By Michelle Werts
Last week, we celebrated the birthday of the “Father of National Parks.” Today, we’re recognizing another famous father.
Frederick Law Olmsted, aka “Father of Landscape Architecture” and creator of many of America’s famous urban parks, was born on this date in 1822. During a century in which America was rapidly expanding and becoming more urban, Olmsted recognized the importance of green spaces for not only their beauty, but also for how they could help reduce stress and allow people a quiet escape from the demands of a busy world.
As a result, some of today’s largest cities have magnificent parks either directly because of Olmsted or indirectly due to his influence. Here are a few of his lasting legacies.
New York City’s Central Park
After a national landscape design contest in 1857 — the first of its kind in the country — Olmsted and his associate Calvert Vaux’s Greensward Plan was selected as the guiding principle behind the park’s design. Under this plan, the park was transformed into a rolling pastoral landscape. To create this effect, the designers actually lowered four of the roads that cut through the park below the surface to create an uninterrupted oasis, which the 843-acre park remains to this day. And, Central Park isn’t Olmsted’s only contribution to NYC’s cityscape — Brooklyn’s Prospect Park was also his handy work.
The U.S. Capitol
No, Olmsted didn’t design the iconic dome, but he did sculpt the green space surrounding it. His plan was to create a symmetrical flow around the building that would highlight it in its best light. By using carefully placed low walls, trees, shrubs and curved walkways, Olmsted made sure that the Capitol could be ogled from any number of vantage points. And, that marble terrace that goes all the way around the Capitol … that was all him, too.
Olmsted didn’t just leave his mark on the East Coast. When the Stanford family decided to establish a university in California, they turned to Olmsted to design the campus. According to Stanford’s website, the design process was often “contentious, but finally resulted in an organization of quadrangles on an east-west axis.” While the idea of quadrangles might be English in concept, as executed on Stanford’s campus, it’s all about creating green vistas and open spaces while keeping the buildings centralized.

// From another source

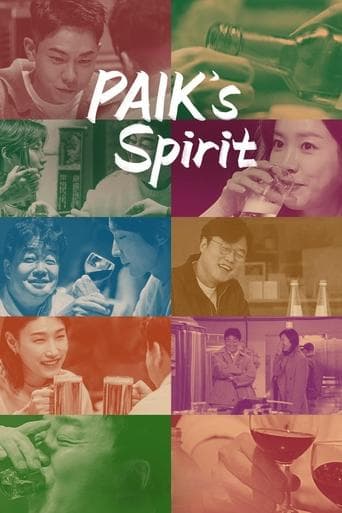 Paik's Spirit poster - Find streaming availability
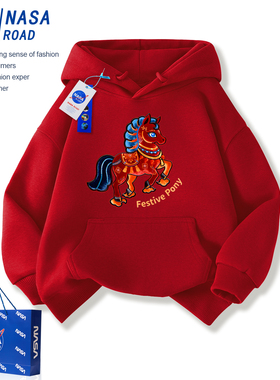 新年红色连帽卫衣男童冬装2026马年本命年衣服加绒儿童中式拜年服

These three sites only scratch the surface of Olmsted’s legacy, as he had a hand in dozens of urban parks, urban parkways, residential communities, college campuses and housing estates across the country. And that doesn’t even count his personal legacies: his son and stepson, who continued in his footsteps, created landscape architectural impacts of their own.

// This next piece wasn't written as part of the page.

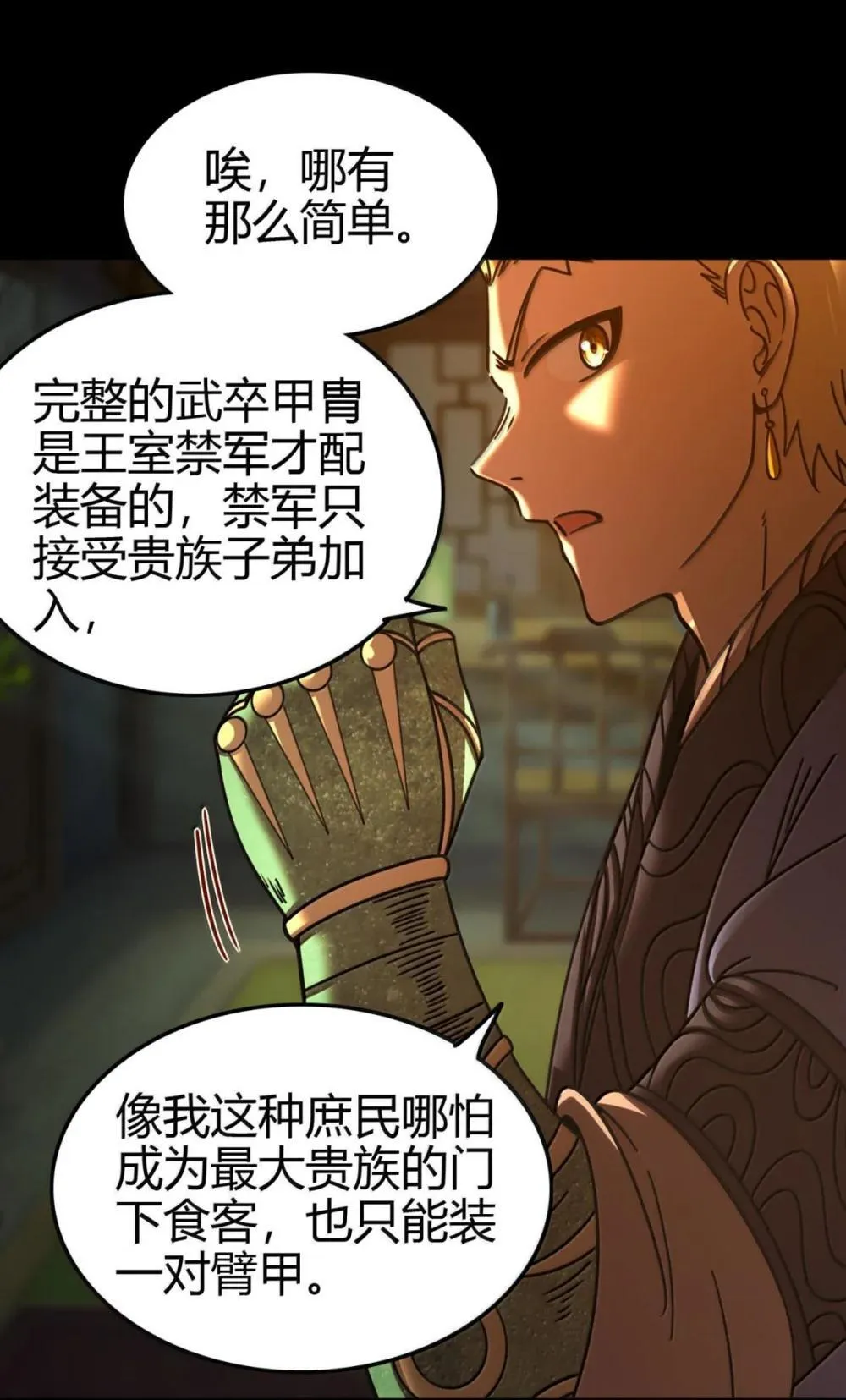 317 “人参果树” 第38页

Olmsted and his family were pioneers with their emphasis of incorporating green spaces into cities and urban areas around the country, paving the way for those that came next. Many of our urban parks and trees owe a big influence to the work of Olmsted and his fellow landscape designing compatriots. So, today, in celebration of Olmsted and the urban green spaces he inspired, go pay your respects to him by visiting a local park and basking in the joy the trip brings.